━━━━━ Data to process ━━━━━
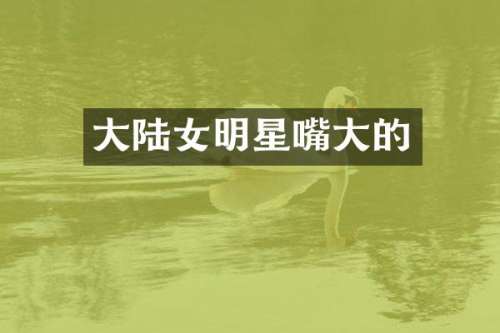 大陆女明星嘴大的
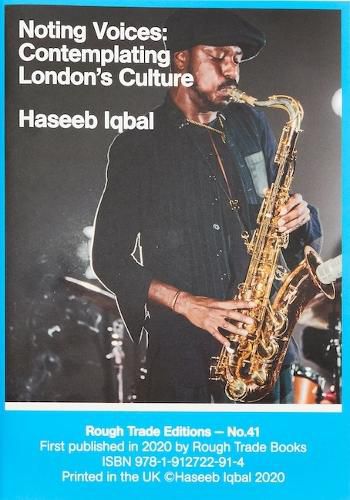 Cover image for Haseeb Iqbal - Noting Voices: Contemplating London's Culture (RT#41)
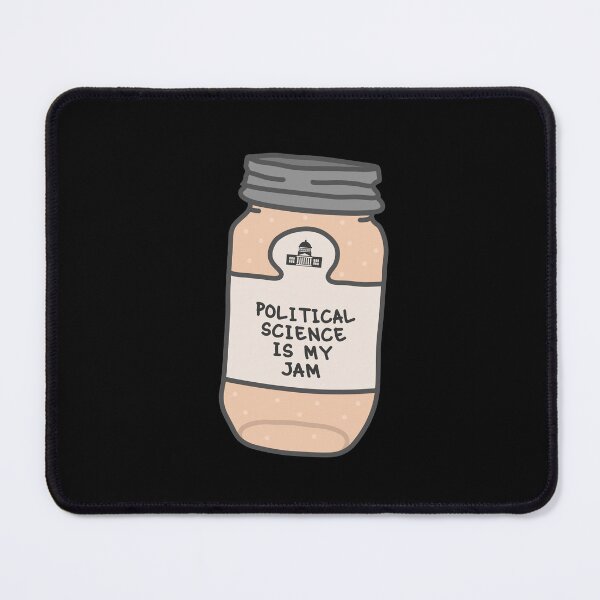 Item preview, Political Science Is My Jam designed and sold by orlumbuspirate.
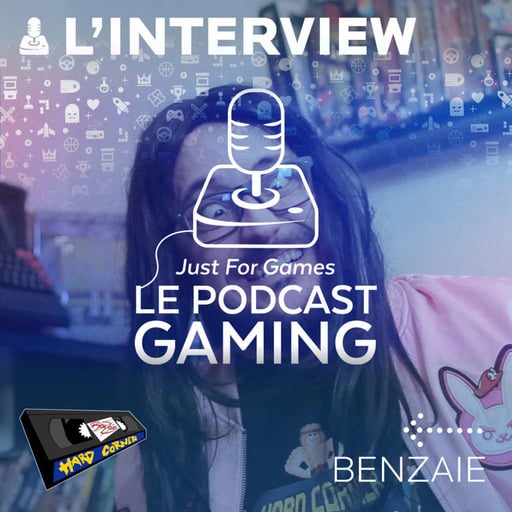 Just For Games – Le Podcast Gaming #12 HORS SÉRIE – Interview Benzaie complète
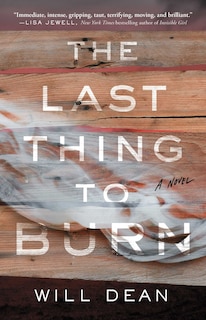 Front cover_The Last Thing to Burn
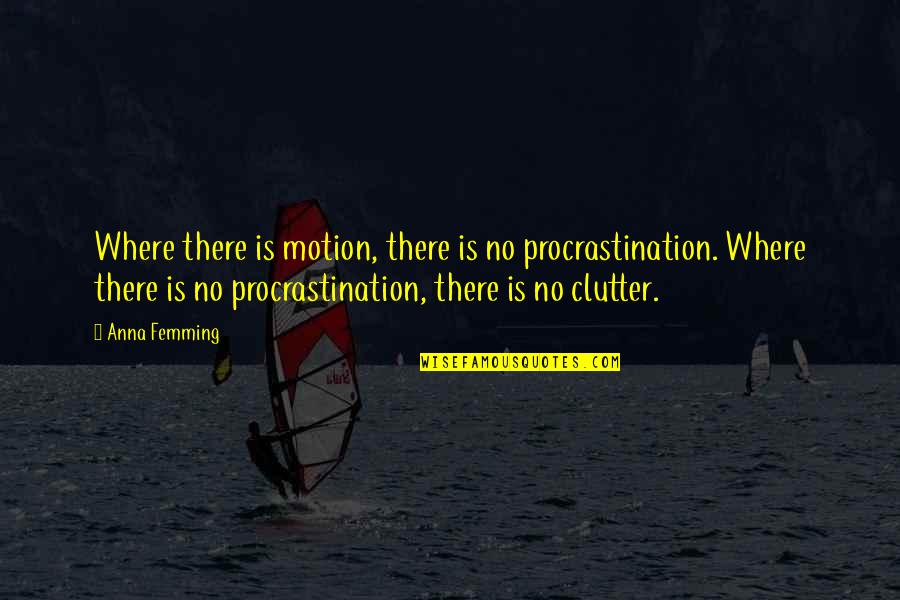 Riveted Metal Quotes By Anna Femming: Where there is motion, there is no procrastination. Riveted Metal Quotes By Anna Femming: Where there is motion, there is no procrastination.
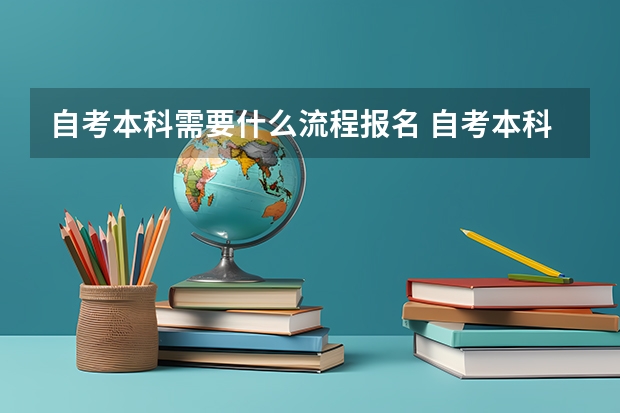 自考本科需要什么流程报名 自考本科报名流程有哪些？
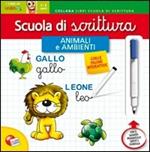 Scuola di scrittura maxi. Animali e ambienti. Con gadget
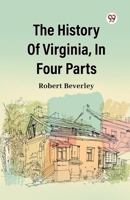 The History Of Virginia, In Four Parts 9369429433 Book Cover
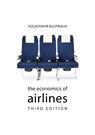 The Economics of Airlines - Prof. Volodymyr (Singapore Institute of Technology) Bilotkach - 9781788218320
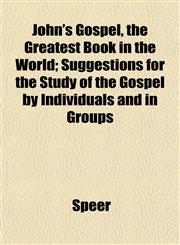 John's Gospel, the Greatest Book in the World; Suggestions for the Study of the Gospel by Individuals and in Groups,1152980696,9781152980693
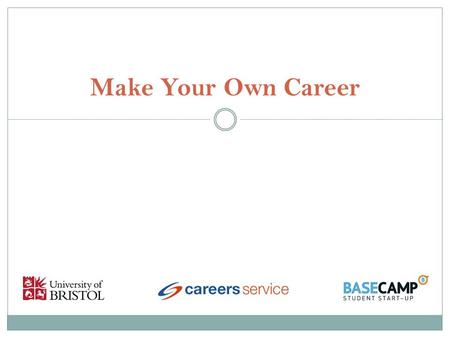 Make Your Own Career. Make your own Career Tonight’s programme:  A business model based on your own skills & interests  Our Panel of self-employed contractors,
━━━━━
▸ Task details
Respond with the exact lines above running from the one containing "Cover image for" to the one containing "Front cover_The Last Thing to Burn", both ends kept and no pictures included.

▸ Expected answer
 Cover image for Haseeb Iqbal - Noting Voices: Contemplating London's Culture (RT#41)
 Item preview, Political Science Is My Jam designed and sold by orlumbuspirate.
 Just For Games – Le Podcast Gaming #12 HORS SÉRIE – Interview Benzaie complète
 Front cover_The Last Thing to Burn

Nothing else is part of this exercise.